* **DATASET EXCERPTS**
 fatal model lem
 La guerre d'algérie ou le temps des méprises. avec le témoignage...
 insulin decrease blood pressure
==
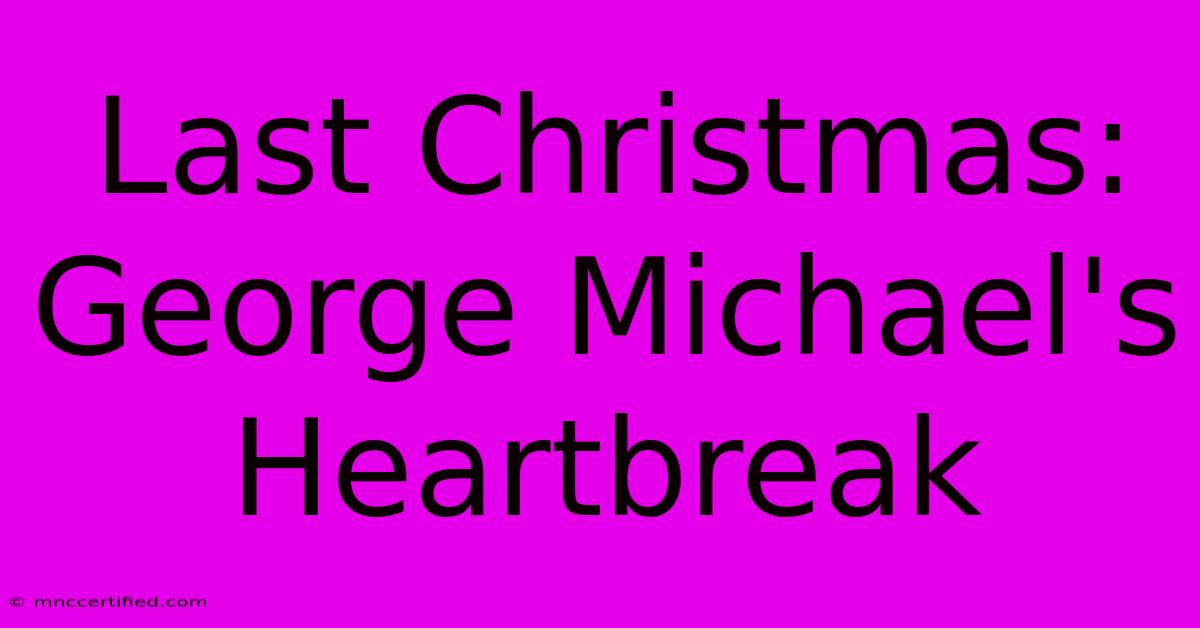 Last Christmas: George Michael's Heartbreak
* * *
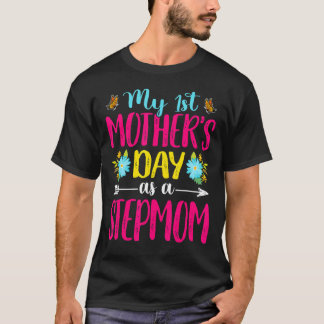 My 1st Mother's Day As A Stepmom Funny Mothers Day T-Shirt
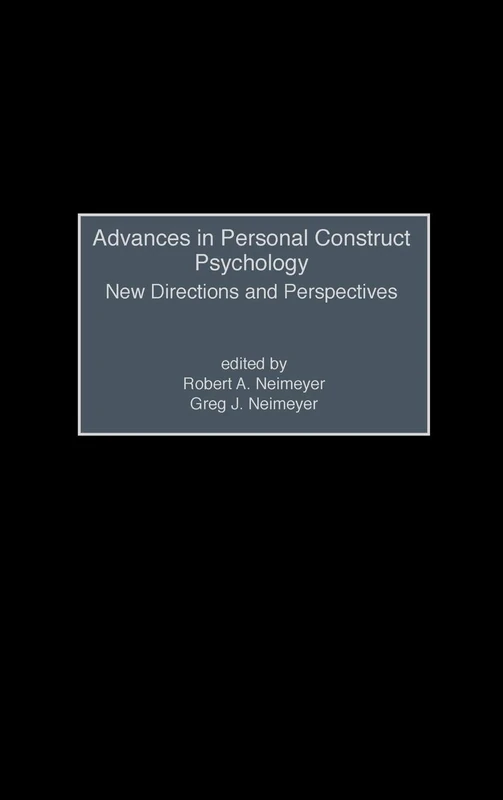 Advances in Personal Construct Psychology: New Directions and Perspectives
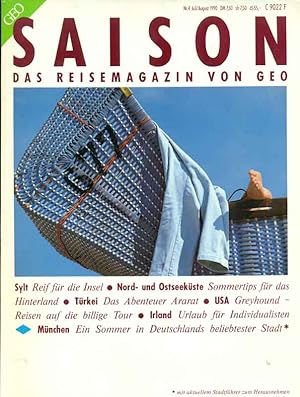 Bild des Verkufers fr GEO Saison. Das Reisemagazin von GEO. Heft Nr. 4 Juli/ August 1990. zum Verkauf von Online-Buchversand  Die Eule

* **REQUIRED ACTION**
Retype the entries above exactly, but only from the line containing "fatal model lem" through the line containing "insulin decrease blood pressure", both included.

* **ANSWER FOR THE TASK**
 fatal model lem
 La guerre d'algérie ou le temps des méprises. avec le témoignage...
 insulin decrease blood pressure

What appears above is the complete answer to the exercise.